Robust Video Matting (RVM)

August 2021 — Shanchuan Lin, Linjie Yang, Imran Saleemi, Soumyadip Sengupta

https://github.com/PeterL1n/RobustVideoMatting

RVM gives great composite result when it works. It doesn’t really detect legs very well until it starts moving. I think it may be due to the fact that there is less data on legs. The training data probably has lots of portrait shots but not so much full body shots.

uv run python inference.py \
    --variant resnet50 \
    --checkpoint "rvm_resnet50.pth" \
    --device cpu \
    --input-source "input.mp4" \
    --output-type video \
    --output-composition "composition.mp4" \
    --output-alpha "alpha.mp4" \
    --output-foreground "foreground.mp4" \
    --output-video-mbps 4 \
    --seq-chunk 1

Background Matting V2

December 2020 — Shanchuan Lin, Andrey Ryabtsev, Soumyadip Sengupta, Brian Curless, Steve Seitz, Ira Kemelmacher-Shlizerman

https://github.com/PeterL1n/BackgroundMattingV2

BMv2 is RVM’s ancestor. It works by providing video and background image pair. In our case, we know the background, so the hope it that the matting engine will be more lenient to unseens data since we are providing a strong negative signal.
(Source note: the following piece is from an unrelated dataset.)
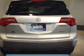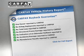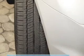A vehicle history report from Carfax, the most trusted provider of vehicle history information, is offered to provide you with peace of mind. Let us put you in the driver's seat today — call or click to contact us.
    uv run python inference_video.py \
        --model-type mattingrefine \
        --model-backbone resnet50 \
        --model-backbone-scale 0.25 \
        --model-refine-mode sampling \
        --model-refine-sample-pixels 80000 \
        --model-checkpoint "pytorch_resnet50.pth" \
        --video-src "input.mp4" \
        --video-bgr "input_bgr.png" \
        --output-dir "outputs" \
        --output-type com fgr pha err ref \
        --device cpu

It does seem to do a lot better than the stock RVM but there is quite a bit of small errors (false positives and false negatives).

Also ran mattingbase option, and seems like without refinement, things look much worse.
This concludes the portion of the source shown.